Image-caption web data
....
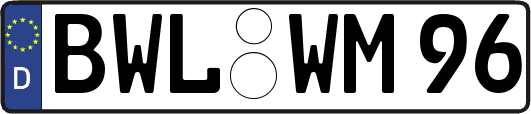 BWL-WM96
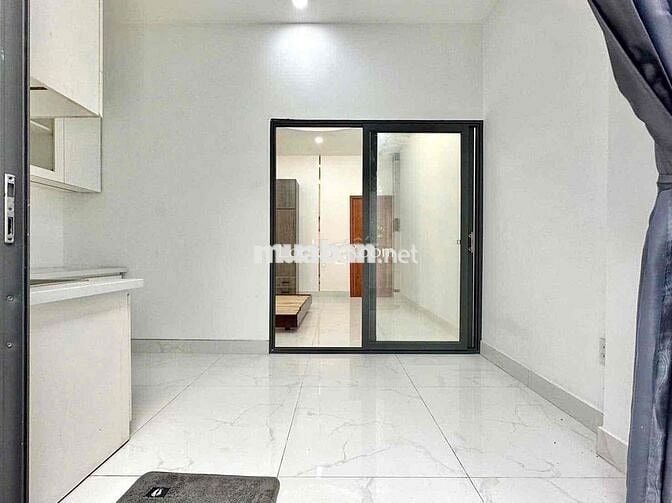 Căn Hộ 1PN Sân Vườn Full Nội Thất - NGAY Đầm Sen - Q11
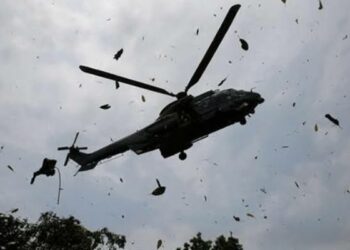 Helicopter Crash: 5th Body Recovered From Atlantic Ocean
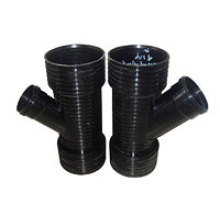 PP Pipe Fitting Mould - PP Corrugated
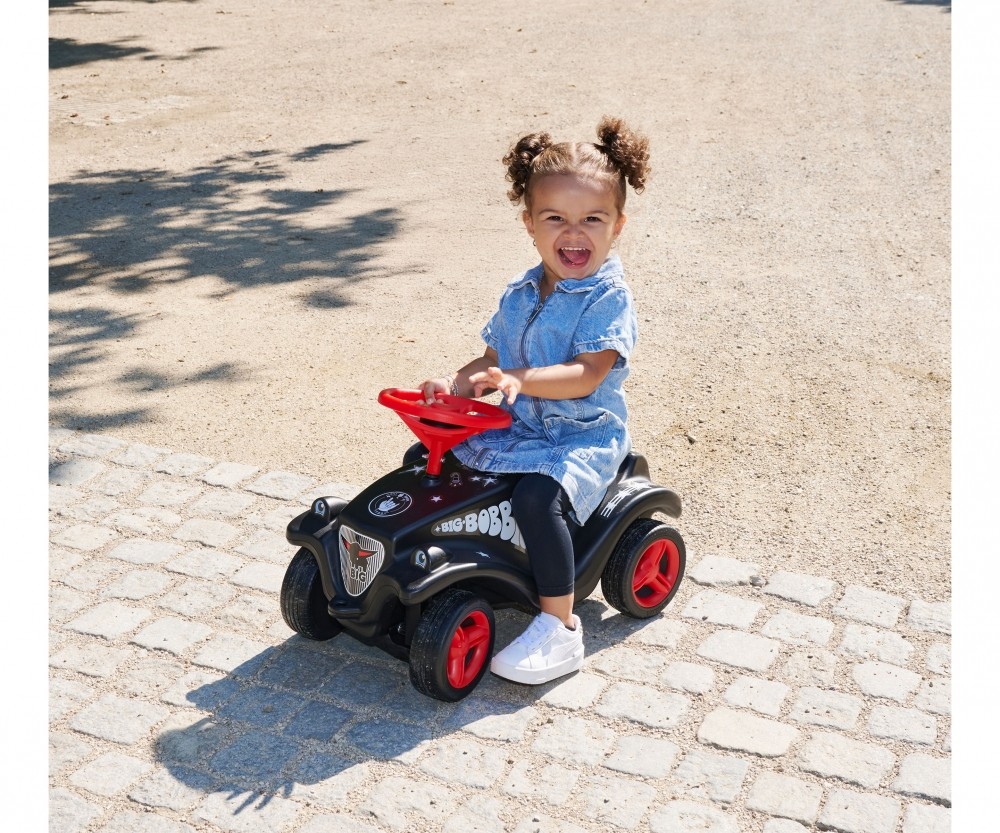 BIG Bobby Car Classic Little Rocker 800056144 Person, Photographie, Portrait, Straße, Hosen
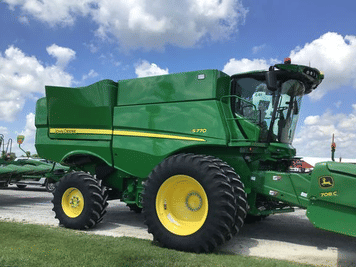 Main image John Deere S770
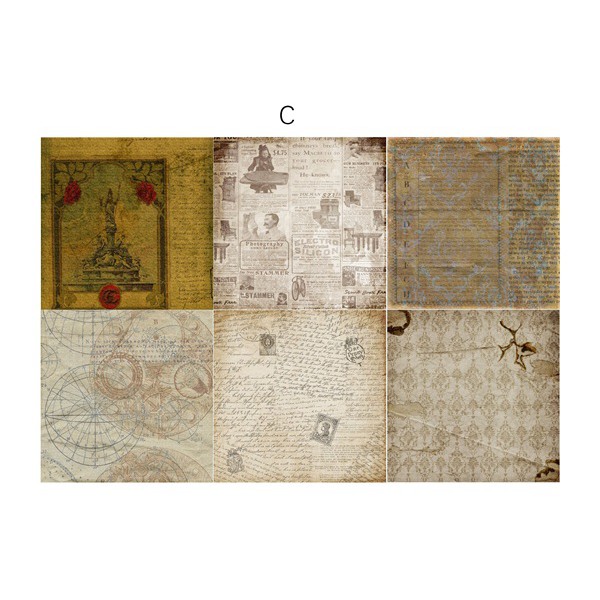 Bộ sưu tập giấy sticker background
....
* _Required work_
Return the complete data unchanged and include none of the pictures.

* _Task result_
 BWL-WM96
 Căn Hộ 1PN Sân Vườn Full Nội Thất - NGAY Đầm Sen - Q11
 Helicopter Crash: 5th Body Recovered From Atlantic Ocean
 PP Pipe Fitting Mould - PP Corrugated
 BIG Bobby Car Classic Little Rocker 800056144 Person, Photographie, Portrait, Straße, Hosen
 Main image John Deere S770
 Bộ sưu tập giấy sticker background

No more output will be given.